Yıl sonuna doğru kıyma, köfte ve fileto gibi ürünlerde yeni zamların kaçınılmaz olduğu belirtiliyor. Nitekim üretici fiyatlarında sığır ve genç boğa etinde yüzde 35-40 arasında artış yaşandı.
Ekonomide durgunluk beklentisi
Almanya ekonomisi 2022’den bu yana zayıf bir seyir izliyor. 2025’te de büyümenin sınırlı kalacağı, yatırımların ise belirsizlik ve finansman sıkıntıları nedeniyle durgunlaşacağı öngörülüyor. 2026 itibarıyla kısmi toparlanma beklenirken, büyümenin ancak yüzde 1,1 seviyesine ulaşacağı tahmin ediliyor.

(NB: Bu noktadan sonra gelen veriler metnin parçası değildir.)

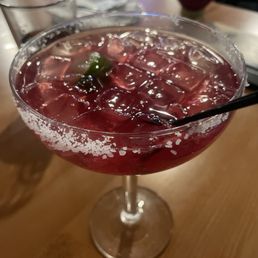 Prickly pear  margarita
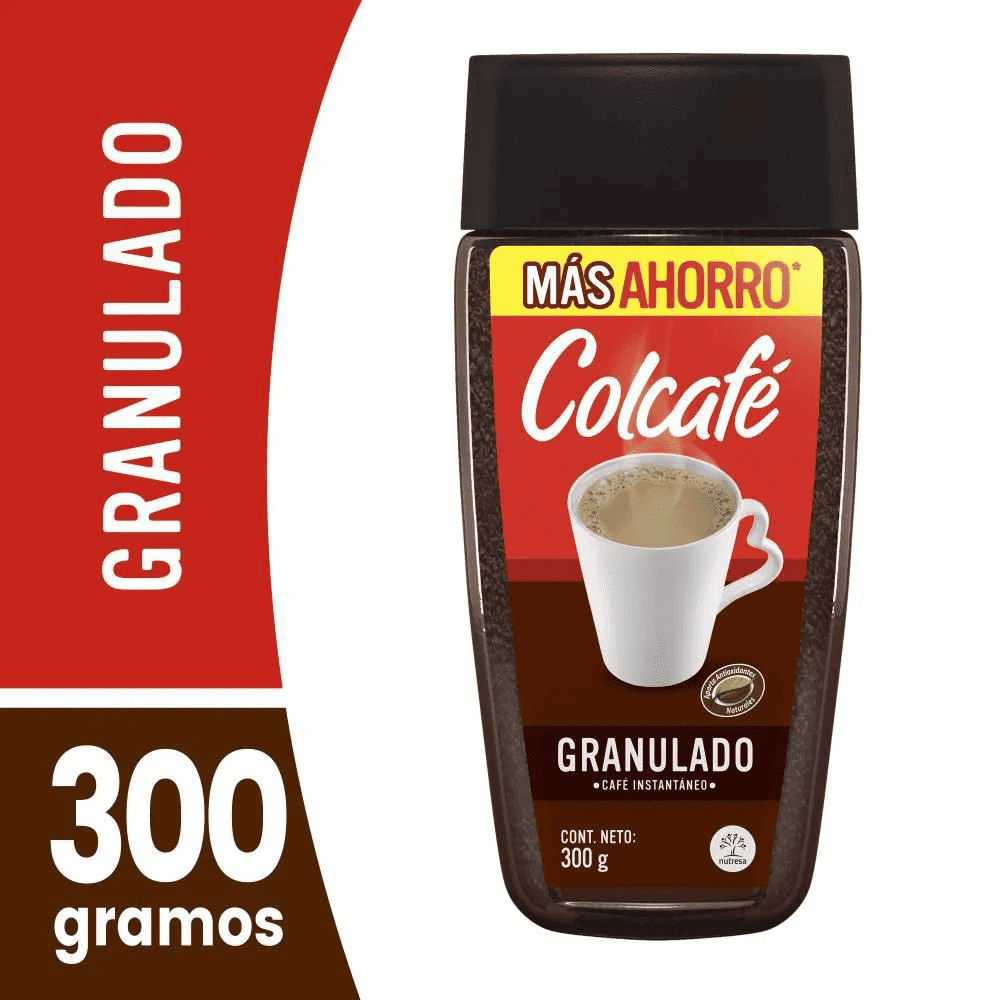 COLCAFE INTENSO GRANULADO 300 G X 300 GR
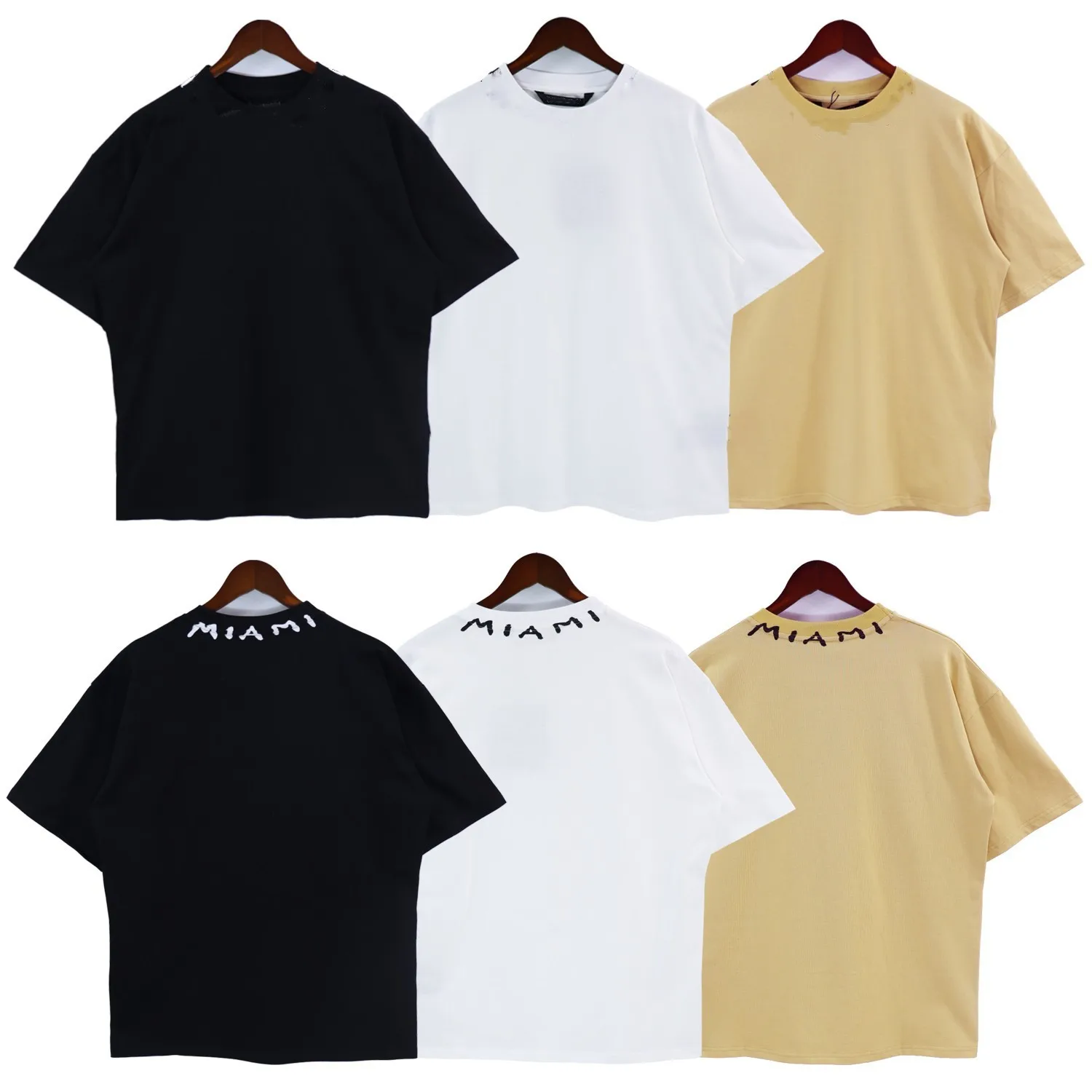 

Angels 23SS Men's Women's Couple Tshirts,Letters Logo Print T-Shirt Casual Round Neck short sleeve Tees, Youth Pullover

Kamu maliyesi de zor bir dönemden geçiyor. Borç oranının 2026’da GSYH’nin yüzde 64,7’sine yükselmesi beklenirken, sosyal harcamaların demografik yaşlanma nedeniyle yüksek seviyelerde kalacağı ifade ediliyor.
Resesyon kapıda
Son iki yıldır küçülme kaydeden Almanya ekonomisi, 2025’in ilk çeyreğinde de daralırsa teknik resesyona girmiş olacak. Bu senaryonun gerçekleşmesi halinde, Almanya birleşmeden bu yana ilk kez üç yıl üst üste büyüme kaydedememiş olacak.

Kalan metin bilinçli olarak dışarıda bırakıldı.